> it's running 10-50% CPU for about 5KBps. Maybe it's a
> wrt54gs?
>
Lol. I didn't actually check it. After seeing their performance specs I
was not encouraged to go further.
> I like their webpages though.
>
> > By golly, they do. 400Mbps of VPN throughput is rather
> > disappointingly low.
>
> Did you find a price?
>
No, but if I went with their custom hardware I suspect it would be
prohibitive.
> > I was hoping to build a home-brew solution that would be
> > at least twice that, considering that one can buy a used
> > NetScreen or Nokia firewall that handles 25,000 tunnels at
> > 1+ Gbps throughput for about $3K.
>
> You're going to be spending a bit of time to home brew. If
> your time is your own that's one thing, but if this is real
> business, I'd be buying the appliance.
>
My conclusion, too.
>
> There's some lesson here about packaging products and why
> having people who write GPL software doesn't make money.
>
> It seems that writing the code (eg OpenVPN) isn't the hard
> part.
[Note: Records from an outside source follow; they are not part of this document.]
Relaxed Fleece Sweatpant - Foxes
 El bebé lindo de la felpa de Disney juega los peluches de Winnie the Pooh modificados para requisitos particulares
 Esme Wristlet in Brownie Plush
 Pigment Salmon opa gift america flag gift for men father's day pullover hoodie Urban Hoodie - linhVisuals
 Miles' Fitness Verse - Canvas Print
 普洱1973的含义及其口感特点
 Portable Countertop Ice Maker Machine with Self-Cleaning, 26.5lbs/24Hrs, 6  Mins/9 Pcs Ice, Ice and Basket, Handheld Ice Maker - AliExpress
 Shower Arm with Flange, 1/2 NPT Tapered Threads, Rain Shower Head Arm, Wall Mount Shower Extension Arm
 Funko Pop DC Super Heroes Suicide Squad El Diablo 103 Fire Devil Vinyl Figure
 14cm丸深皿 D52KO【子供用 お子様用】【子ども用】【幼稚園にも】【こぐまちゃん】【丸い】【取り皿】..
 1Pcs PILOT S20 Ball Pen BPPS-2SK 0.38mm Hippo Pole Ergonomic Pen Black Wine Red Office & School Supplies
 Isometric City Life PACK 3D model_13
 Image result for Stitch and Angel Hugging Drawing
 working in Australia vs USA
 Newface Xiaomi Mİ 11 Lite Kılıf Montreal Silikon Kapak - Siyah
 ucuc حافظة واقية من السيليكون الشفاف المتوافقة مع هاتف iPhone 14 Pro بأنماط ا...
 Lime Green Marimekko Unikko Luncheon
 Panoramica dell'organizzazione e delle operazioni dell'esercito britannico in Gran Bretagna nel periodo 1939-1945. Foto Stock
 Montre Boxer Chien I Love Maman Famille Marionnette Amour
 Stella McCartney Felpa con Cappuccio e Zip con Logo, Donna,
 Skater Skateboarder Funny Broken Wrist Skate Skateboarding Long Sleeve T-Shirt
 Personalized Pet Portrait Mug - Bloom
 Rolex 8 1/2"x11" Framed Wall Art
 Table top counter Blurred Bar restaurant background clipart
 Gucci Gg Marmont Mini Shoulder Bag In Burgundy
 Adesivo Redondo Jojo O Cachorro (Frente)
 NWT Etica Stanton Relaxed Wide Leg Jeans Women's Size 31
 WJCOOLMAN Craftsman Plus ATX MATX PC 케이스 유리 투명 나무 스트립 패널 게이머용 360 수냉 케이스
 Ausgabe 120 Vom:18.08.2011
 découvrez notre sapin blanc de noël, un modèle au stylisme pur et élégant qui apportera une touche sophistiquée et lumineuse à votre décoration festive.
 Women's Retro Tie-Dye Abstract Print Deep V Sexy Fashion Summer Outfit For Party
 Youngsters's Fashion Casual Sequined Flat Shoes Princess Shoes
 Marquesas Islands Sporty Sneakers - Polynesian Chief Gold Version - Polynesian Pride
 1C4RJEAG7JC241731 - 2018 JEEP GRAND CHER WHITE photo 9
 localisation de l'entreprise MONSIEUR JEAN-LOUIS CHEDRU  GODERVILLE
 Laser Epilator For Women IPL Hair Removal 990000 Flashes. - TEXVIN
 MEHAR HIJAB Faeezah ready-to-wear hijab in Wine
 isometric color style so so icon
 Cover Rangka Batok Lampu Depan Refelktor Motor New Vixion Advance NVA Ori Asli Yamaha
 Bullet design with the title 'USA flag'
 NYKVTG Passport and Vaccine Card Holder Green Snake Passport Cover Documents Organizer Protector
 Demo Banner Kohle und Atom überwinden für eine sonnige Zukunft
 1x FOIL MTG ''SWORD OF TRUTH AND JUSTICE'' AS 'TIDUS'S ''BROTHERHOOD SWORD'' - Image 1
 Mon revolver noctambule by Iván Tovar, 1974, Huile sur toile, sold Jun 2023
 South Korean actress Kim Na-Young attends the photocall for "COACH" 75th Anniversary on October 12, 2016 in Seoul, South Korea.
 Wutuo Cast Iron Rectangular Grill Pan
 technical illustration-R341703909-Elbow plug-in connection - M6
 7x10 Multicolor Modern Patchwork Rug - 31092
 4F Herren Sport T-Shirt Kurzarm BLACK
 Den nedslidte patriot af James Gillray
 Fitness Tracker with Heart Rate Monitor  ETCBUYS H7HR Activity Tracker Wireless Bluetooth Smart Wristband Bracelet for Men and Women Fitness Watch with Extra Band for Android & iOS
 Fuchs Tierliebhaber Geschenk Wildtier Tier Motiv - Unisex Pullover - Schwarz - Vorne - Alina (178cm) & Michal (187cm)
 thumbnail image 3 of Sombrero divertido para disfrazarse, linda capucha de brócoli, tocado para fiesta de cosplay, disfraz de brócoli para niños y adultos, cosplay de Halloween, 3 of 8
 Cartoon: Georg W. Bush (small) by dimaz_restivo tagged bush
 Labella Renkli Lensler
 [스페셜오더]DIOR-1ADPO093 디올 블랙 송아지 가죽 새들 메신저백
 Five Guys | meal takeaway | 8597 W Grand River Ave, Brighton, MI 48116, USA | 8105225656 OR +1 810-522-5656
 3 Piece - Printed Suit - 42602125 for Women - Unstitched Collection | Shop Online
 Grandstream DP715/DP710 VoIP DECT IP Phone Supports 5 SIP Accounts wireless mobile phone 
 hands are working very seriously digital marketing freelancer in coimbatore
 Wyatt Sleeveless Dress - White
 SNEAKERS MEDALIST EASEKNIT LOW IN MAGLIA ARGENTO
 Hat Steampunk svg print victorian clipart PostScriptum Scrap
Someone will do this for you for free. Endian had to
> design and build hardware, make sure it worked, get it UL
> certified, write configure scripts (and ones that would run
> inside a webpage), put up a nice webpage and pay people for
> about a year before the income stream started, with no real
> idea what to do if it didn't start.
>
> Way back when the www started I wrote a demo PoS from which
> I hoped to make a packet. I realised that I'd have to get
> SSL certs and talk to banks etc to get them to handle the
> credit cards. So I knew I wasn't there. The customer wasn't
> interested (and later closed, possibly from having missed an
> opprtunity), so I dropped it. Not long after (well a couple
> of years), people had the on-line credit card stuff all
> packaged up and you just linked to their site to handle
> psyments. After that I realised I had been a little naive. I
> had a year to occupy that niche (including the commitment of
> time and money) or forget it. I could never have made it
> with just one on-line store and me in the basement.
>
> Joe
I hear ya. Sometimes I look back at where I started (back when the
Internet was still non-commercial and FiDONET was the preferred
communication mechanism) and I am alternately saddened by the
opportunities I squandered, or comforted by the ones I did not pursue
and later realized it was a dead end.